The most notable asset Relativity is acquiring is Rogue's library of about 30 films, which can be monetized though DVD sales, TV rights (on the likes of HBO), and now digital distribution. Rogue is known for what Hollywood calls "genre" films, horror films aimed at moviegoers 25 and under, made with a relatively low budget.
The division's valuation was calculated based on the performance of the library so far, and the expectations for upcoming library titles. For instance, "The Strangers" a hit horror film this summer, grossing $53 million at the US box office on a reportedly $9 million budget, should bring in about $20 million from the HBO sale alone.

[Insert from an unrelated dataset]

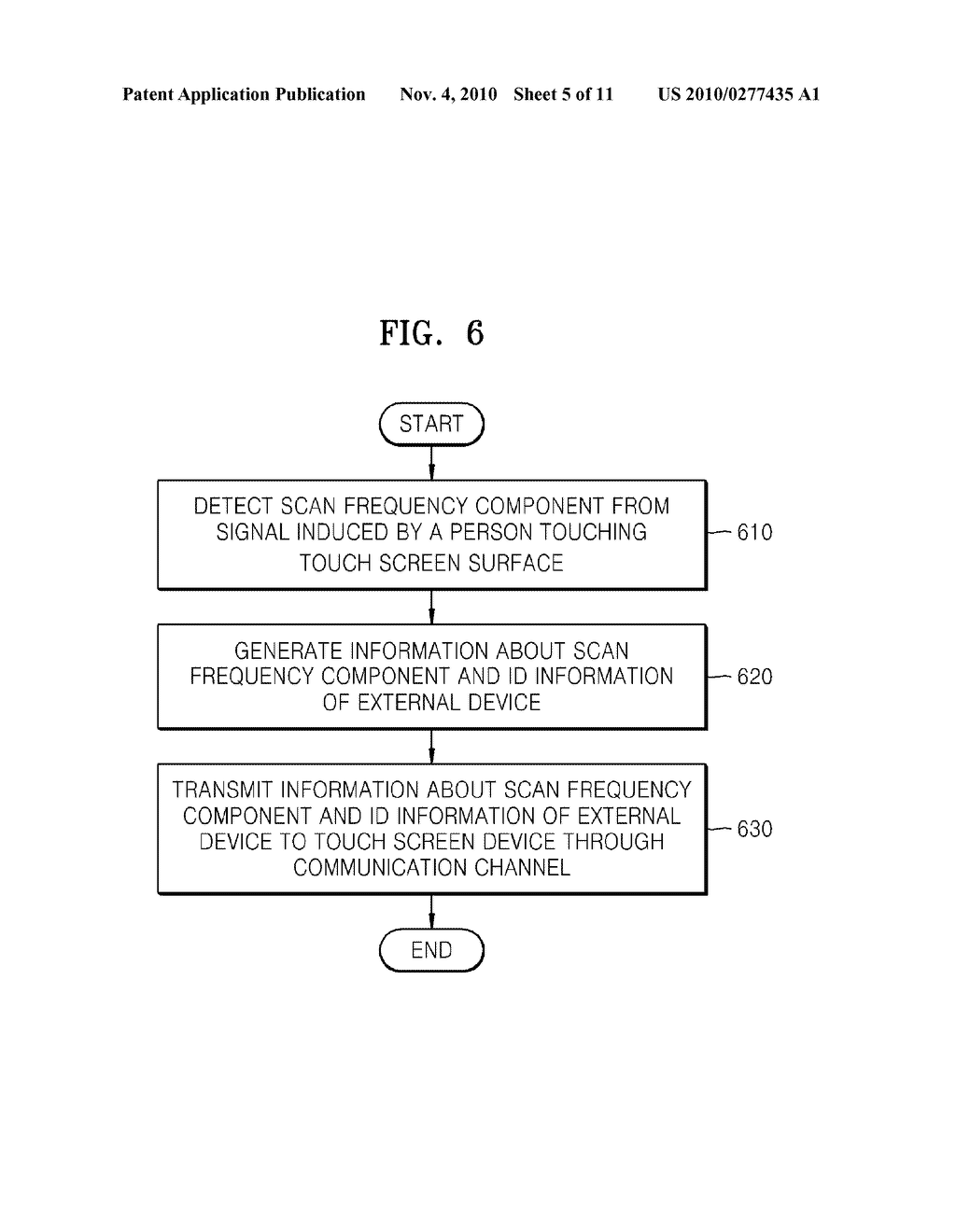 EXTERNAL DEVICE IDENTIFICATION METHOD AND APPARATUS IN A DEVICE INCLUDING A TOUCH SPOT, AND COMPUTER-READABLE RECORDING MEDIUMS HAVING RECORDED THEREON PROGRAMS FOR EXECUTING THE EXTERNAL DEVICE IDENTIFICATION METHOD IN A DEVICE INCLUDING A TOUCH SPOT - diagram, schematic, and image 06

Another asset Relativity acquires; the roughly 30 projects Rogue has in development, including a sequel to hit "Strangers" and whatever projects emerge from a producing deal with Wes Craven (the "Scream" series) and his production arm. This Friday Rogue opens "The Unborn," from producer Michael Bay.
Here's what Universal gets: a chunk of cash now, plus the rights to release Rogue movies (without having to take the risk of investing in developing or financing them) for a distribution fee of 10 percent of revenues. Relativity is backed by New York-based hedge fund Elliott Associates, which just this September invested another $1 billion into Relativity, giving Relativity about $2 billion n cash on its balance sheet.
The two companies have been working together for years now; in September Relativity struck a deal to effective co-finance Universal's slate through 2015. A few years earlier the two made a deal in which Relativity paid for half the cost of a slate of movies including hits "Mamma Mia!" and money-losers like "The Kingdom."
I think it's remarkable that any such deals are getting done in Hollywood right now. It's certainly a convenient infusion of cash as Universal faces some new costs, including its new distribution deal with Steven Spielberg's DreamWorks . In terms of Relativity's end of the bargain, my only question is about the value of the development slate.
Rogue's president left the studio a few months ago, when these negotiations were heating up, and the company is tiny, with just a handful of execs. Without the production shingle's top dog, and if employees keep leaving, is a development slate worth the same amount without the folks who developed it? We will see!